What you have to do:
Look below for the line that contains "Ortodoncia invisible antes" and the line that contains "How to Choose", then restate both of them and every line in between, exactly. No picture goes in the copy.

[Short text fragments from websites]
......

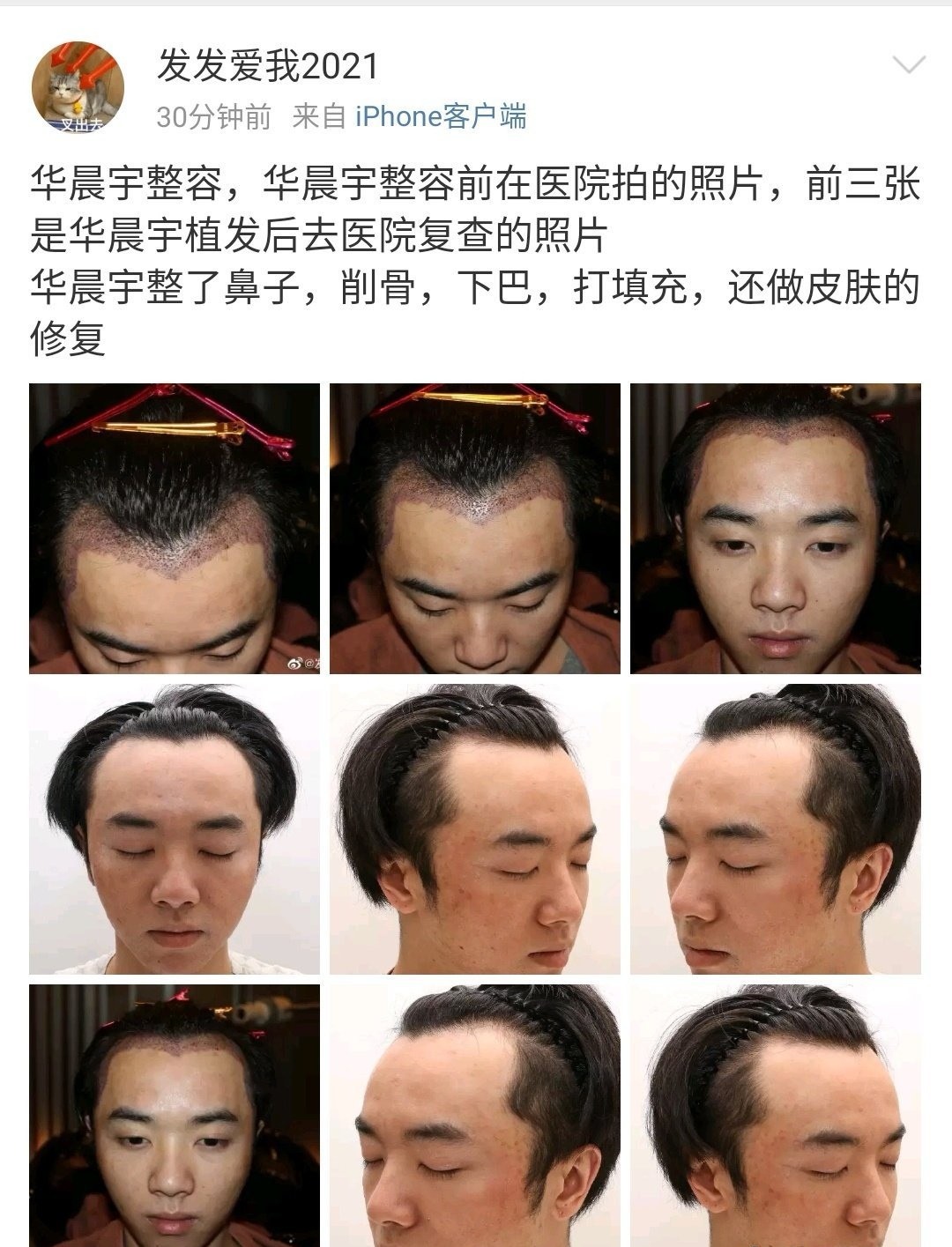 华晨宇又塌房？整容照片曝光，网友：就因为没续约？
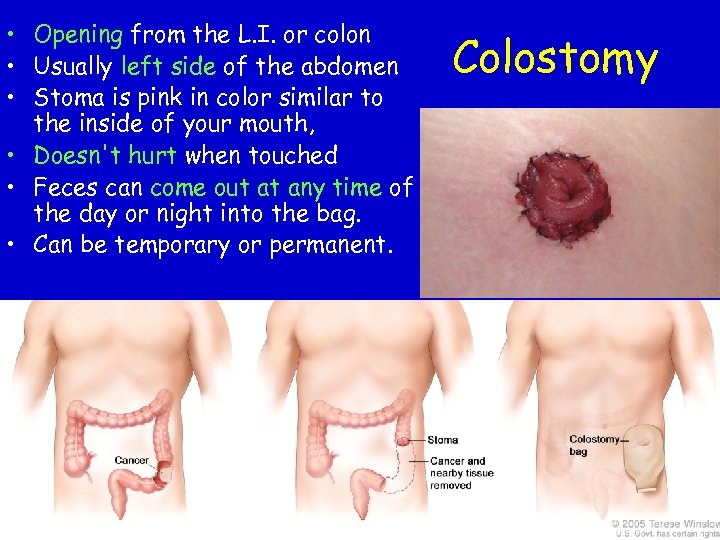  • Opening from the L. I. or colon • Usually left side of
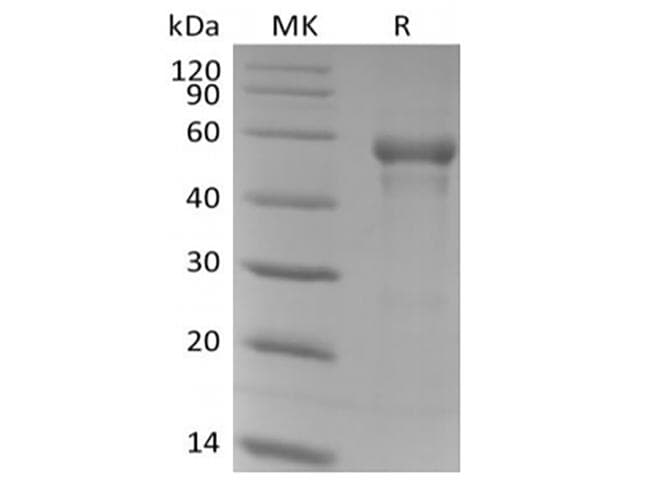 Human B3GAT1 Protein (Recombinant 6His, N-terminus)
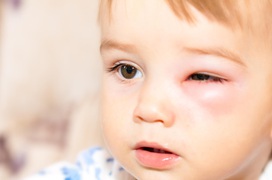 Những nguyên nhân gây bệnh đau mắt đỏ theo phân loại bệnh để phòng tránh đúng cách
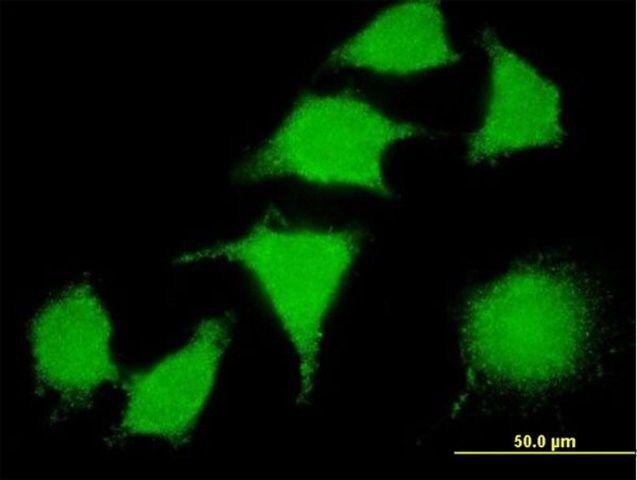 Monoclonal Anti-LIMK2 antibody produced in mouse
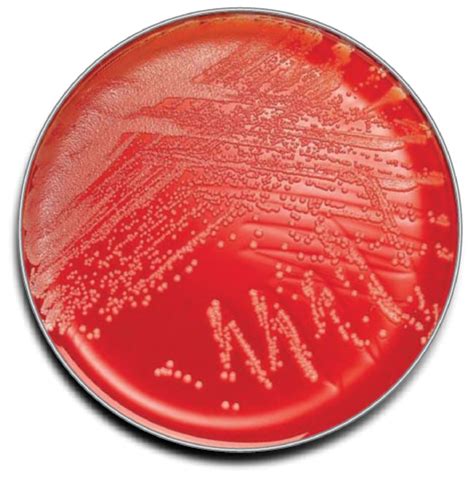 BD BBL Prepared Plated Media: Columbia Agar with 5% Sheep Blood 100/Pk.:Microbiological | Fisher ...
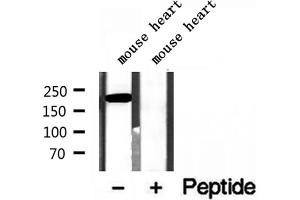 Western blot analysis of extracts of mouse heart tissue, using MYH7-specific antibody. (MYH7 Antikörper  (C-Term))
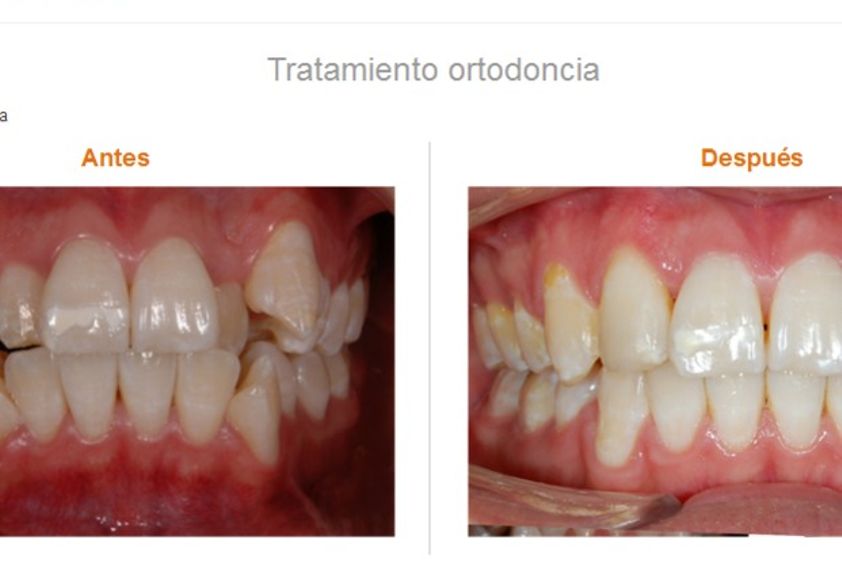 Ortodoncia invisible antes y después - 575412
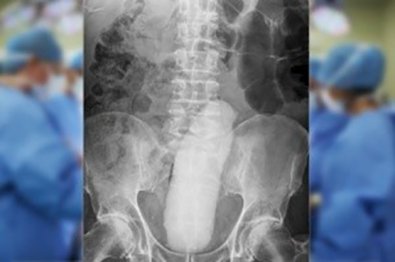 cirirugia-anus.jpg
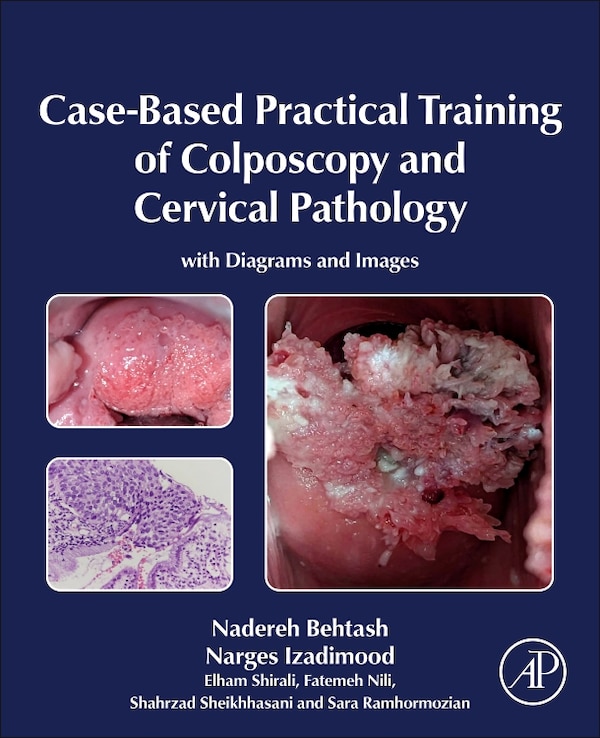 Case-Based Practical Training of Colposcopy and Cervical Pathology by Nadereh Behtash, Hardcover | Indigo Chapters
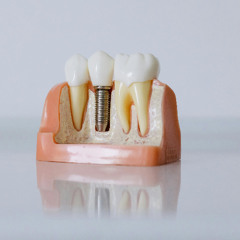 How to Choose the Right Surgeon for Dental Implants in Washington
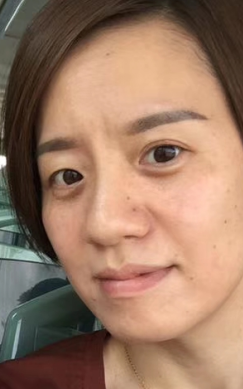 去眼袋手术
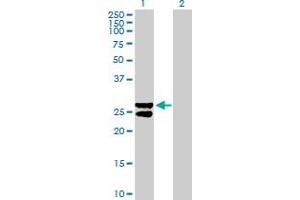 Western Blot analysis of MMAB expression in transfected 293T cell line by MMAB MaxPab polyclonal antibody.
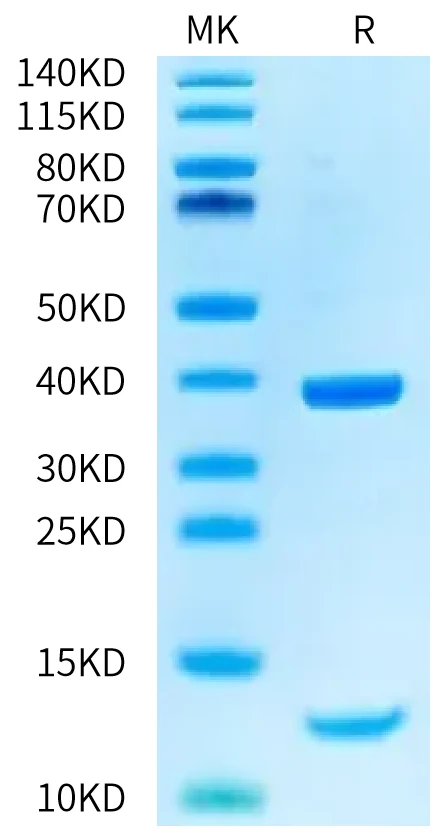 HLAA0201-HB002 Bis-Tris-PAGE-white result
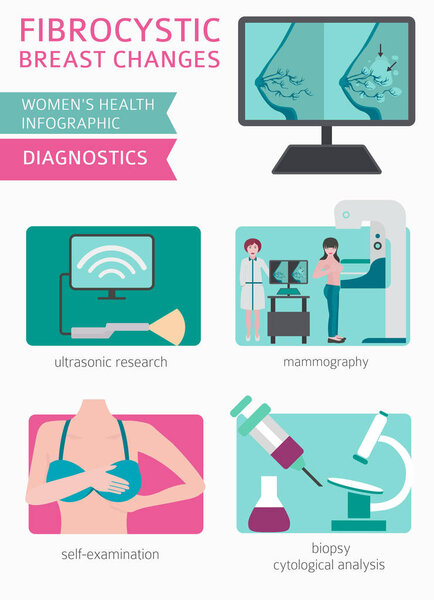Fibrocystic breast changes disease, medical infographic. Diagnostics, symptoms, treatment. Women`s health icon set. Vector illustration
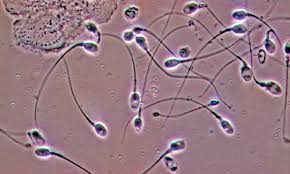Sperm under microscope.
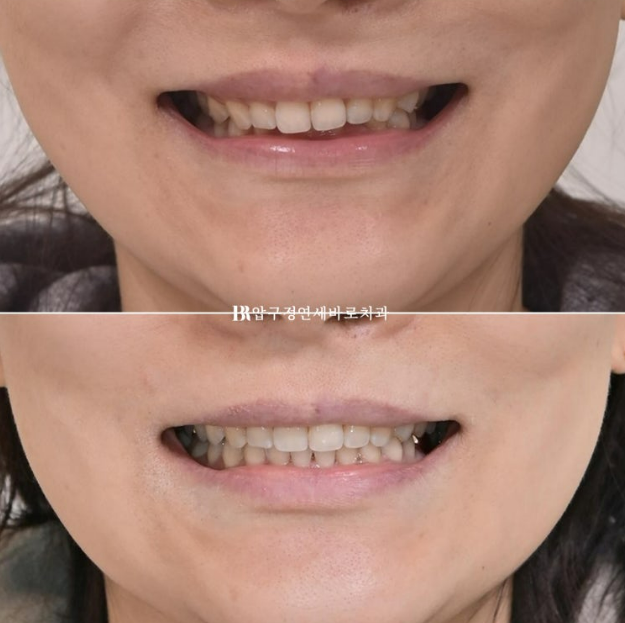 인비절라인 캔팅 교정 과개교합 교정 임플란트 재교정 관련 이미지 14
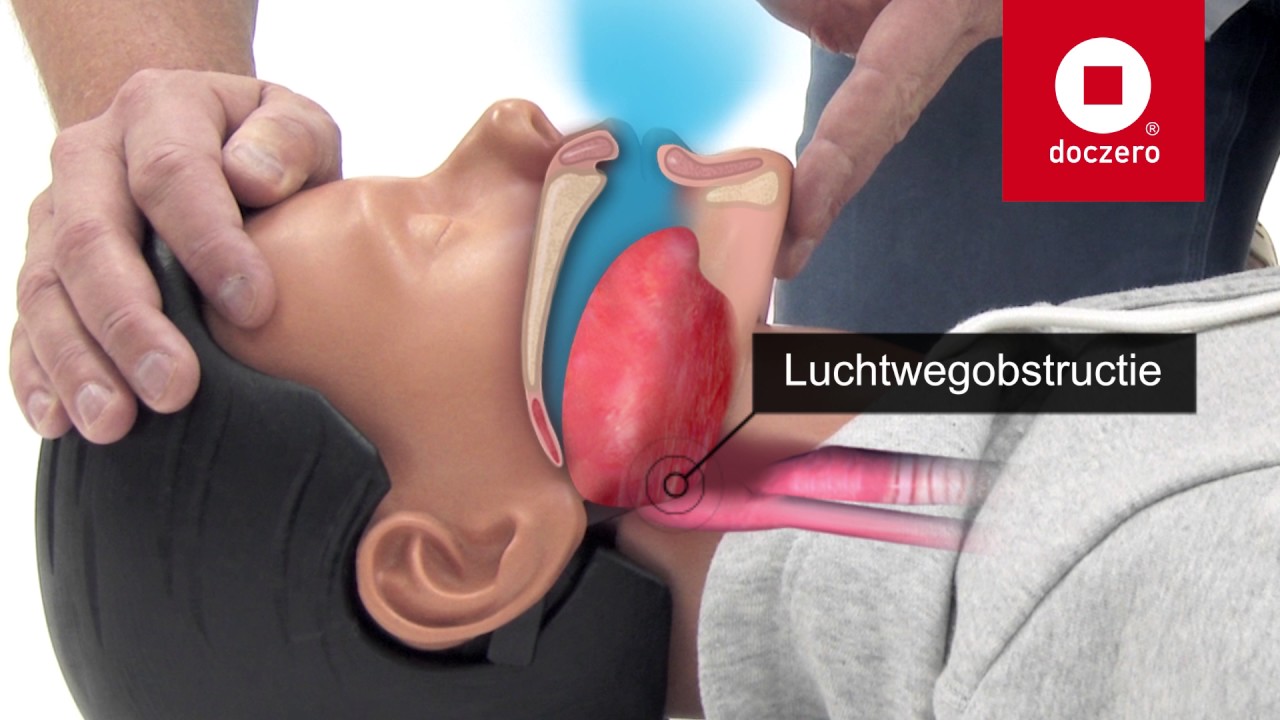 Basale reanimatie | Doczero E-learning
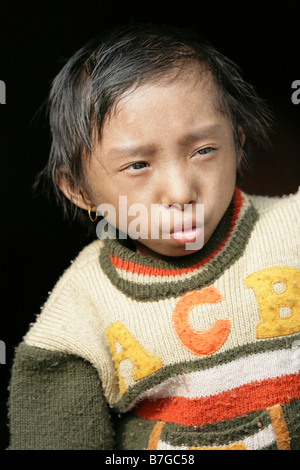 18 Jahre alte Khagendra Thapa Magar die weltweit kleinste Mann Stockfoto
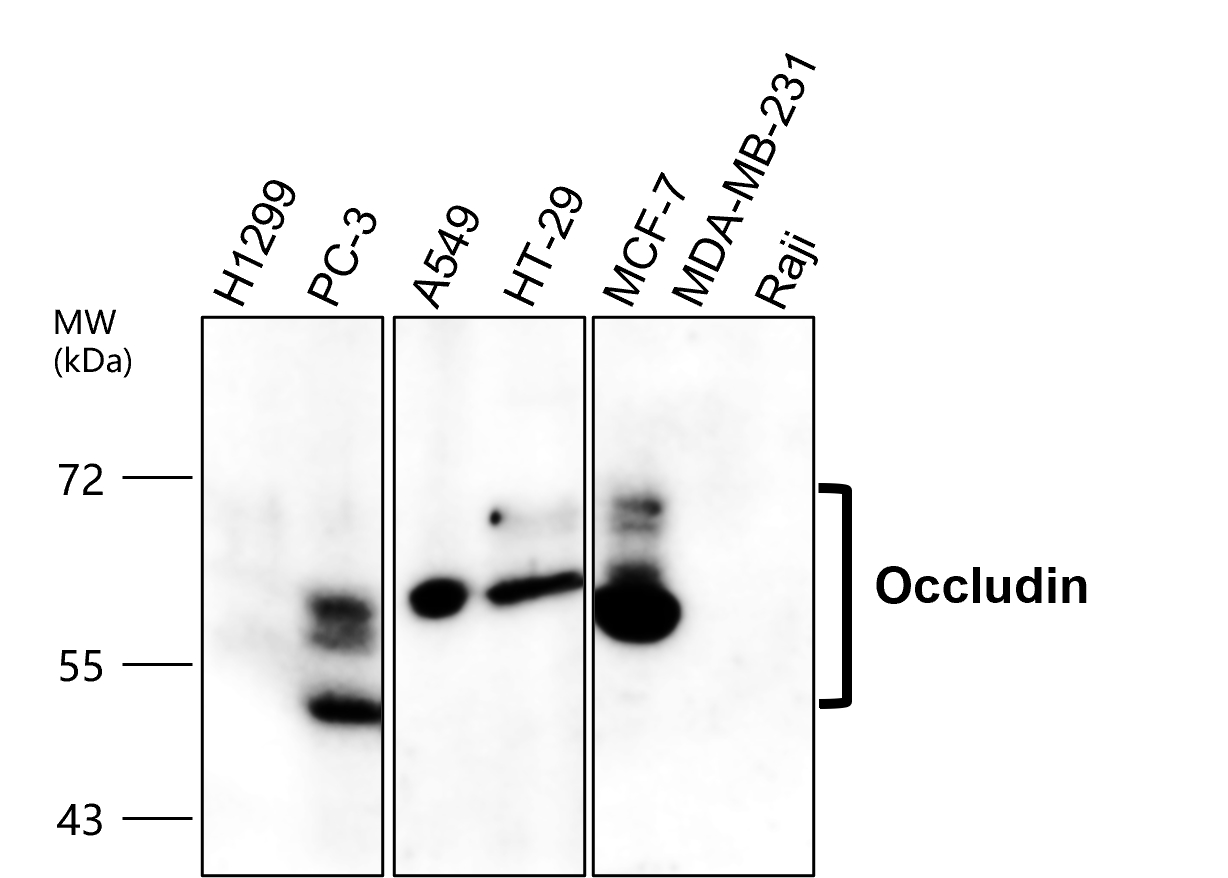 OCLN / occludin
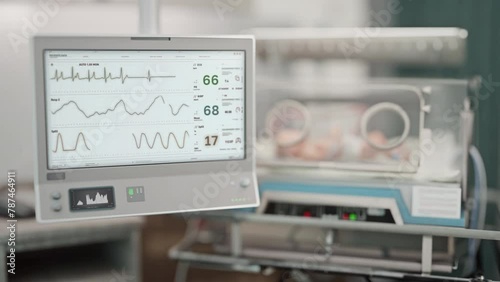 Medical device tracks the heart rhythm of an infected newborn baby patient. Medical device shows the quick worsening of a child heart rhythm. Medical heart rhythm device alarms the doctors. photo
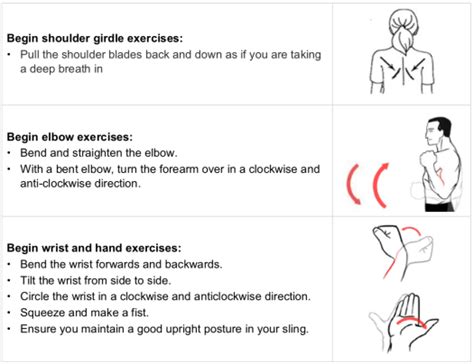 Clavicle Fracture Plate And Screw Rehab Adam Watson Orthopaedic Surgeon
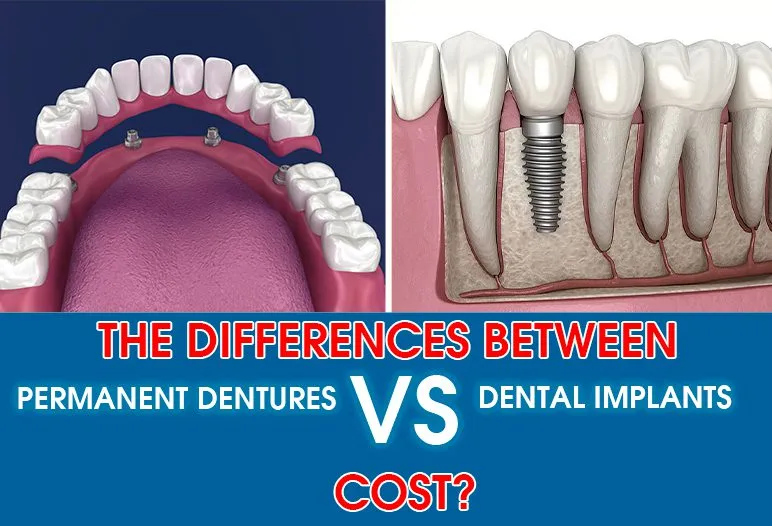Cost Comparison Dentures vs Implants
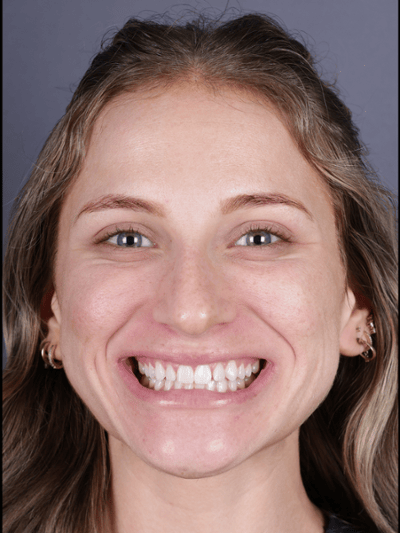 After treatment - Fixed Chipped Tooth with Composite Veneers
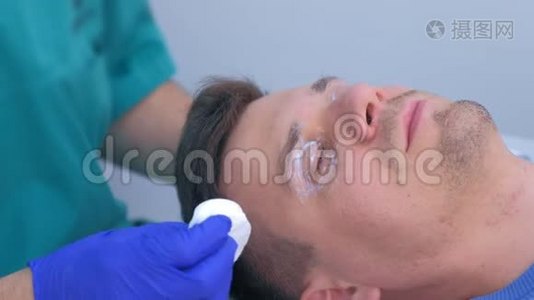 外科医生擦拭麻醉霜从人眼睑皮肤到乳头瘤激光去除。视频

......

Task solution:
 Ortodoncia invisible antes y después - 575412
 cirirugia-anus.jpg
 Case-Based Practical Training of Colposcopy and Cervical Pathology by Nadereh Behtash, Hardcover | Indigo Chapters
 How to Choose the Right Surgeon for Dental Implants in Washington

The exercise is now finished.